Exercise: In your copy of the data, omit the pictures and keep all else exactly as given.

Source material:
+++

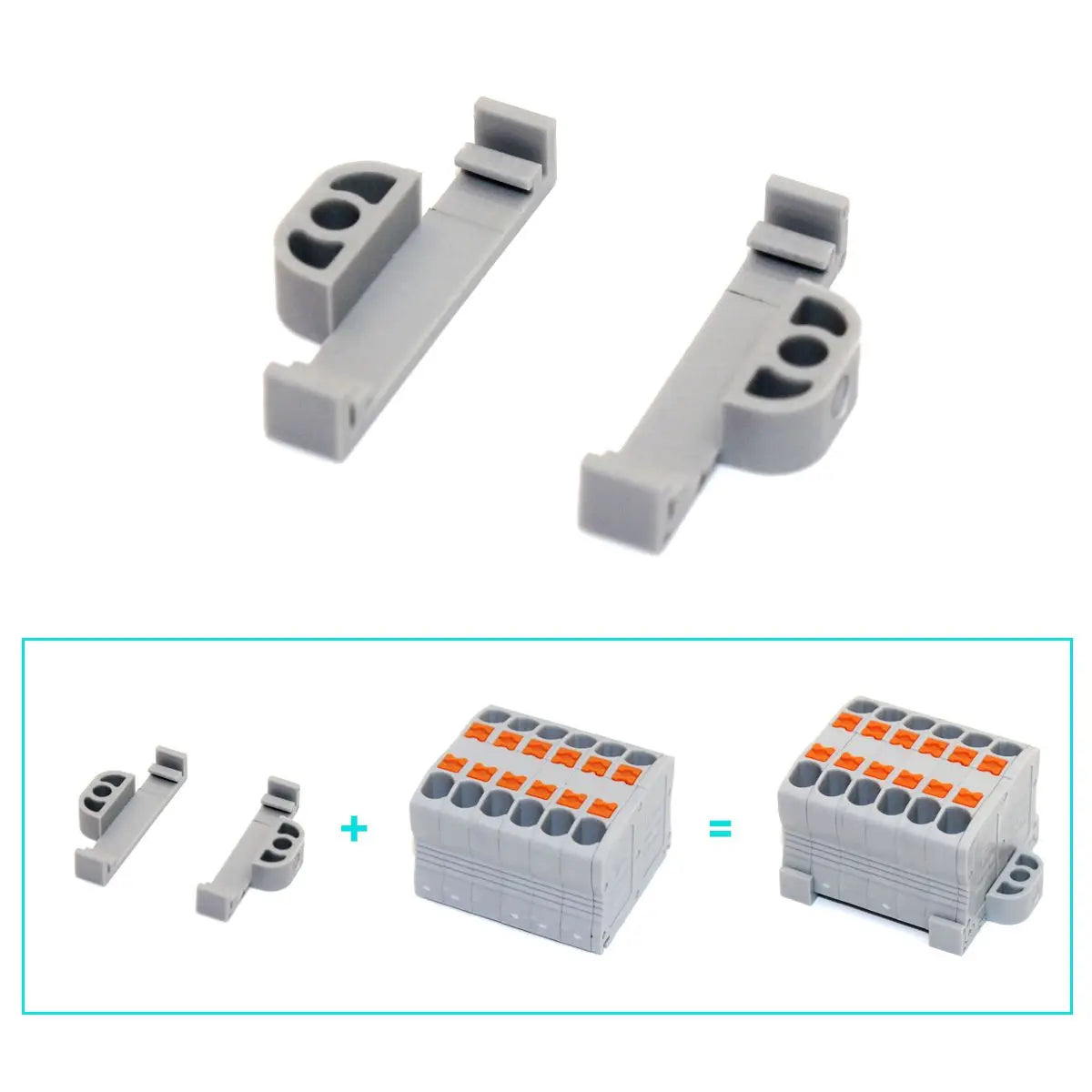 Wire Electrical Connectors Wire Push-in Terminal Block multiple in multiple out Connector Mount On Din Rail with fixing Hole
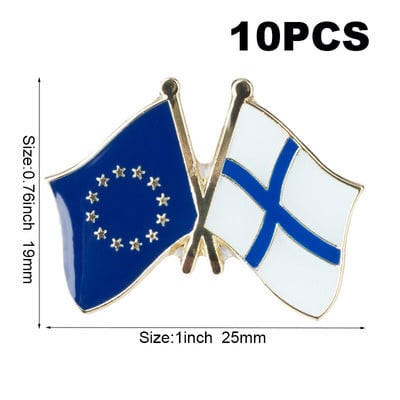 10 komada puno Zastava Laple Pin Značka Broš Europsko prijateljstvo Ujedinjeno Kraljevstvo Škotska Irska Wales Belgija Francuska Rumunjska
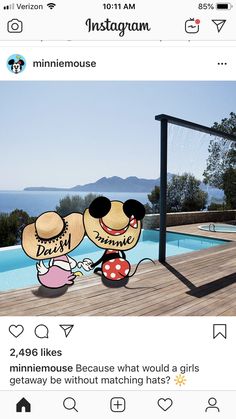 an instagram page with mickey mouse and minnie mouse on the screen, which is being used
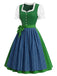 Grün-Blaues 50er Dirndl Set mit Puffärmeln
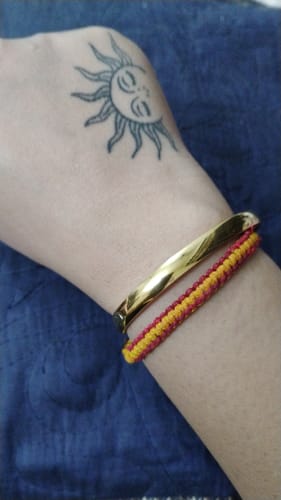 Customer photo review of Plain Gold Bangle Bracelet - 5 mm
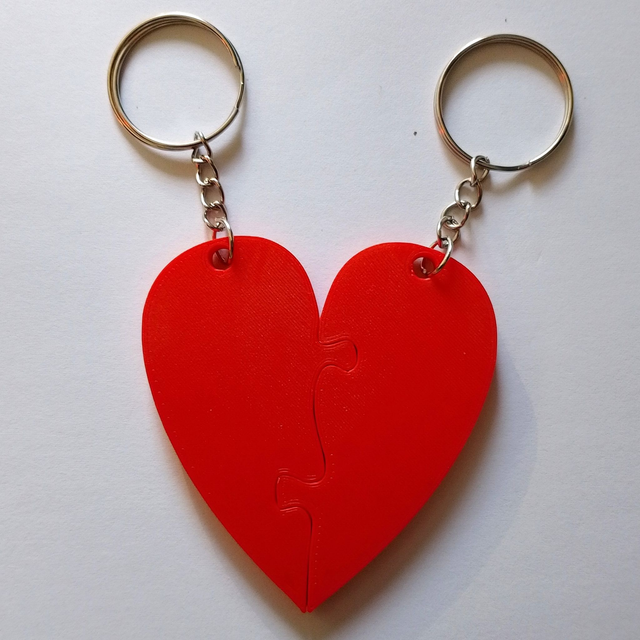 3D Printed Couples Heart Keyring Set - 2 Half Heart Keyrings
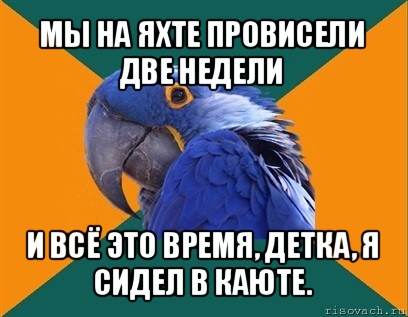 мы на яхте провисели две недели и всё это время, детка, я сидел в каюте.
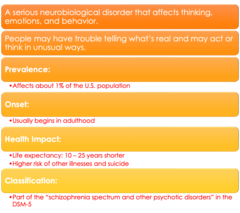<p>-psychotic symptoms, diminished ability to relate to others</p><p>-effects thinking, emotions, and behavior</p>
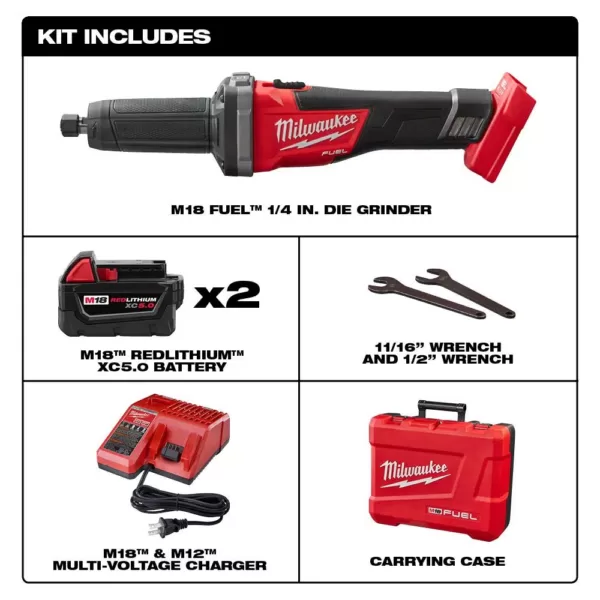 Milwaukee M18 FUEL 18-Volt Lithium-Ion Brushless Cordless 1/4 in. Die Grinder Kit with Two 5.0Ah Batteries, Charger and Hard Case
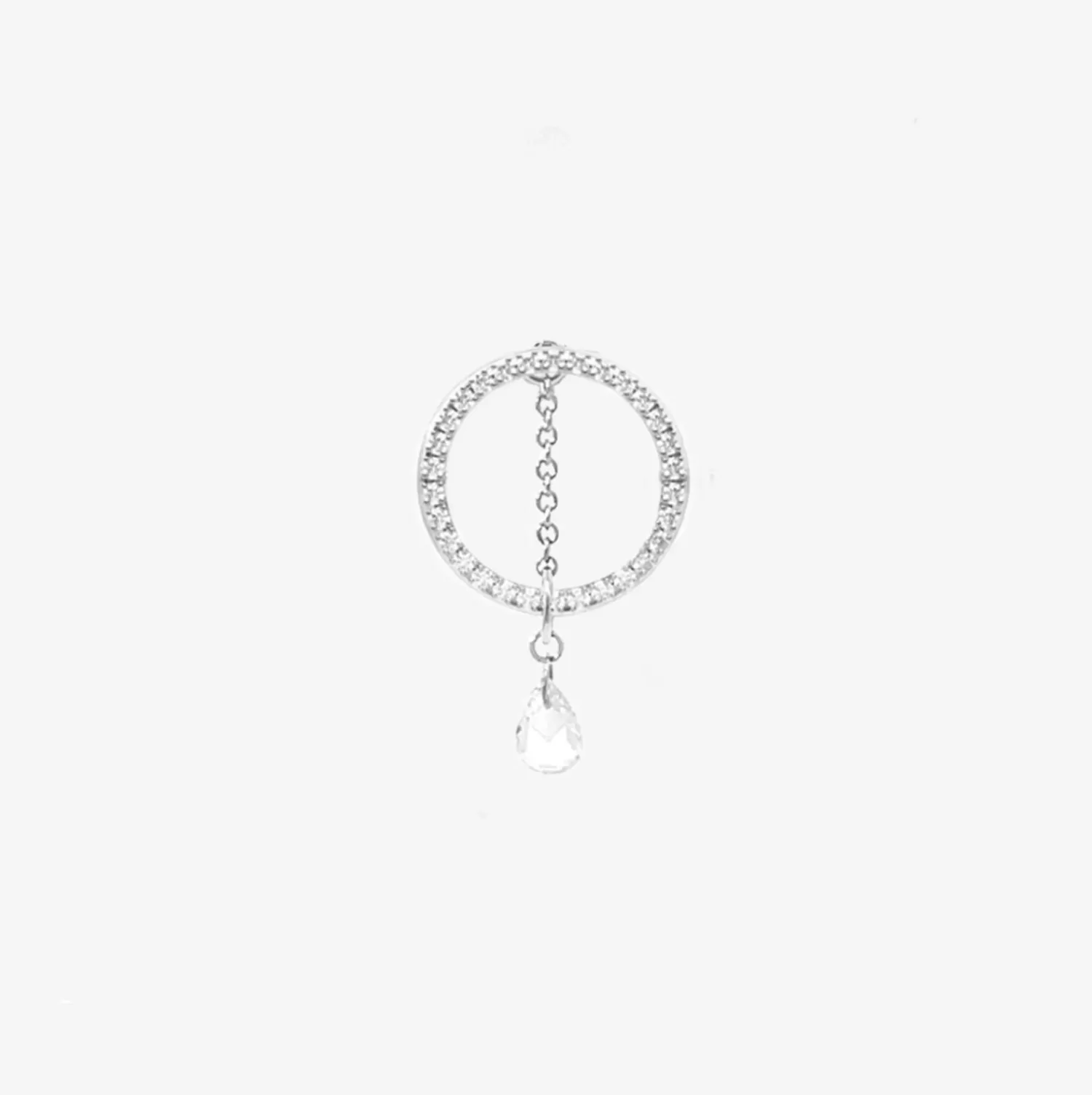 The Alkemistry Suncatcher - 18Ct Gold, Rose Cut Diamond Pave Circle Earring (Single) Cheap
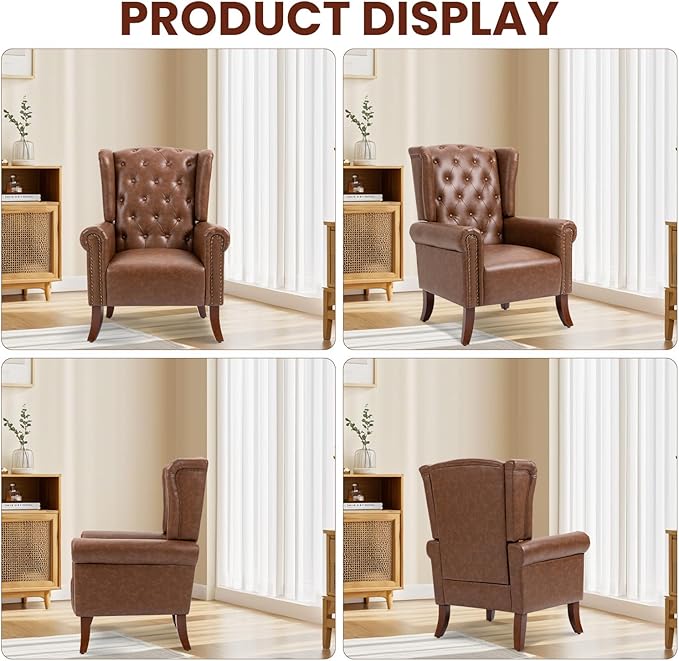 Faux Leather Accent Chair, Mid-Century Armchair Upholstered Club Sofa Chair with Wooden Legs, High Back Living Room Chair for Bedroom, Office, Lounge (Brown)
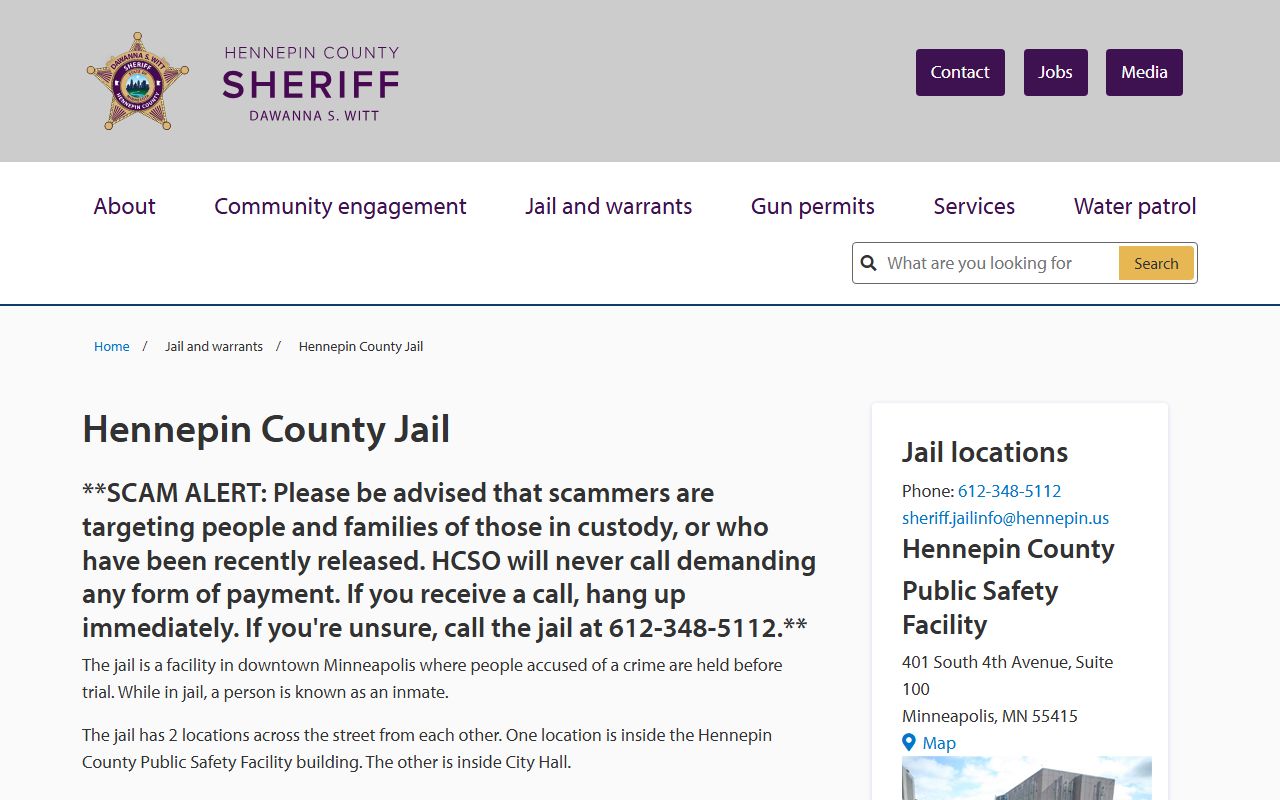 Hennepin County Jail 24 hour booking facility information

+++

Written reply:
 Wire Electrical Connectors Wire Push-in Terminal Block multiple in multiple out Connector Mount On Din Rail with fixing Hole
 10 komada puno Zastava Laple Pin Značka Broš Europsko prijateljstvo Ujedinjeno Kraljevstvo Škotska Irska Wales Belgija Francuska Rumunjska
 an instagram page with mickey mouse and minnie mouse on the screen, which is being used
 Grün-Blaues 50er Dirndl Set mit Puffärmeln
 Customer photo review of Plain Gold Bangle Bracelet - 5 mm
 3D Printed Couples Heart Keyring Set - 2 Half Heart Keyrings
 мы на яхте провисели две недели и всё это время, детка, я сидел в каюте.
<p>-psychotic symptoms, diminished ability to relate to others</p><p>-effects thinking, emotions, and behavior</p>
 Milwaukee M18 FUEL 18-Volt Lithium-Ion Brushless Cordless 1/4 in. Die Grinder Kit with Two 5.0Ah Batteries, Charger and Hard Case
 The Alkemistry Suncatcher - 18Ct Gold, Rose Cut Diamond Pave Circle Earring (Single) Cheap
 Faux Leather Accent Chair, Mid-Century Armchair Upholstered Club Sofa Chair with Wooden Legs, High Back Living Room Chair for Bedroom, Office, Lounge (Brown)
 Hennepin County Jail 24 hour booking facility information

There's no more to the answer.